Nothing makes Times Food editor Russ Parsons feel like a dad more than cooking a good breakfast. Not some fancy menu full of hollandaise and cream sauce, either, but hearty, home-style food, such as the cornmeal pancakes from the 1943 edition of the "Joy of Cooking." Though the author, Irma Rombauer, a good Midwesterner, wasn't one to sing the praises of her recipes, she does describe this one as "delicate and good." They certainly are. The trick here is pre-cooking the cornmeal by covering it with boiling water for 10 minutes. That softens it just enough to give the meal a tender texture. Serve this with good maple syrup, or with homemade jam.
2 to 4
Adapted from the 1943 "Joy of Cooking" by Irma Rombauer
1 cup white or yellow cornmeal
1 teaspoon salt
2 tablespoons butter
1 to 2 tablespoons honey, sugar or syrup
1 cup boiling water
1/2 cup milk
1/2 cup flour
2 teaspoons baking powder
1. Combine the cornmeal,
salt, butter and honey in a large, heavy bowl.

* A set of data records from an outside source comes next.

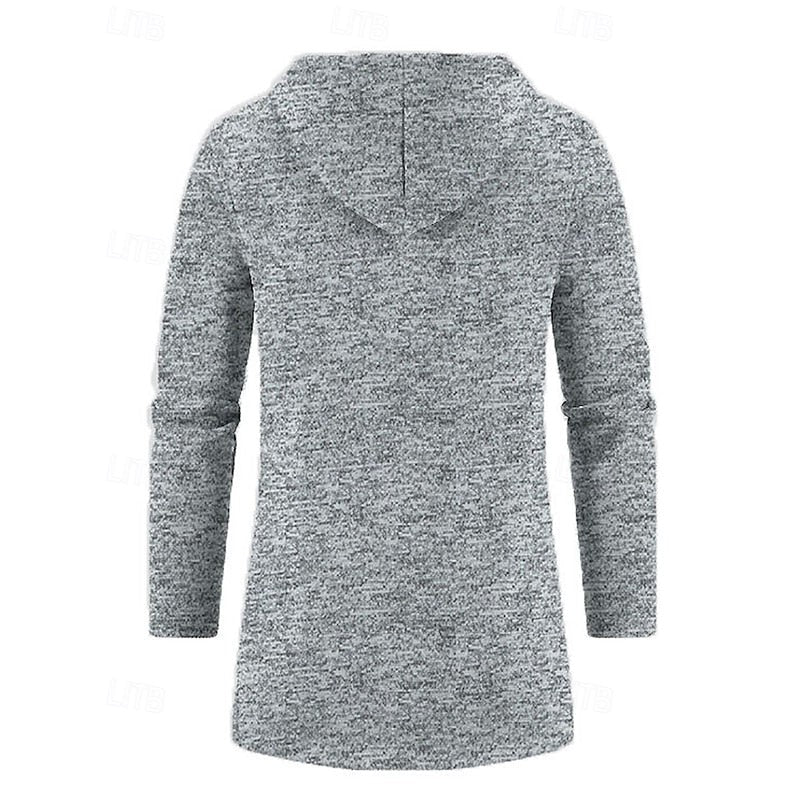 Manteau long à capuche avec fermeture éclair pour homme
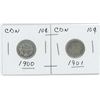 Image 1 : Set Of 2 CDN 10 Cents 1900,1901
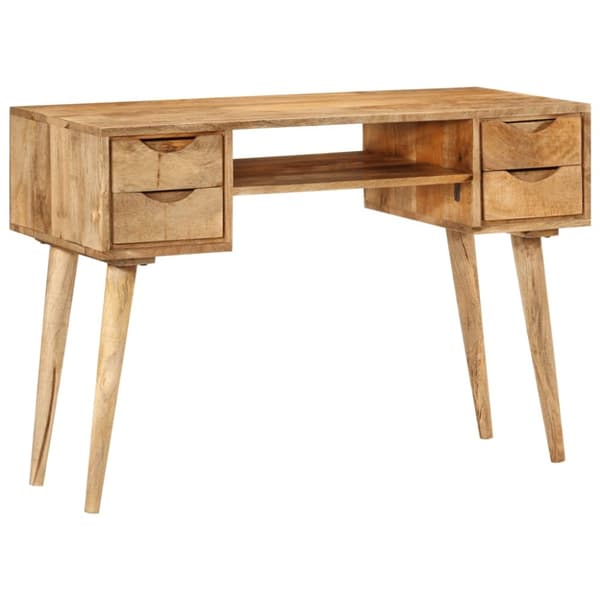 skrivebord med skuffer 110x47x76 cm massivt mangotræ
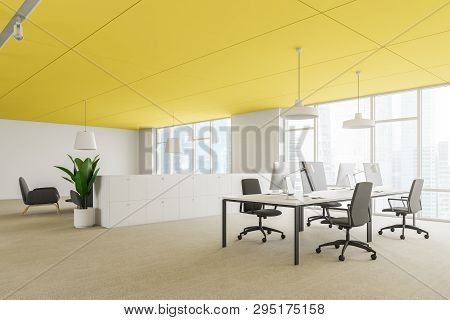Corner Of Modern Office Workplace With Armchair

Pour the boiling water over the top and whisk well to combine. Cover tightly and let stand at least 10 minutes.
2. Measure the milk
into a measuring cup. Add the egg and beat well with a fork until smooth. Stir this into the cornmeal mixture.
3. Sift together
the flour and baking powder and stir into the cornmeal mixture with a few swift strokes.
4. Heat the griddle
until a few drops of water dance and skitter across the surface. Butter or grease the griddle lightly, then pour the batter in one-third cup measures. Cook until bubbles stop appearing and the top surface appears slightly dry, about 3 minutes. Turn and cook just until the center feels set and no longer liquid, 1 to 3 more minutes. This makes about 8 pancakes.
5. Serve immediately
with syrup or jam, or keep warm on a cookie sheet in a 200-degree oven.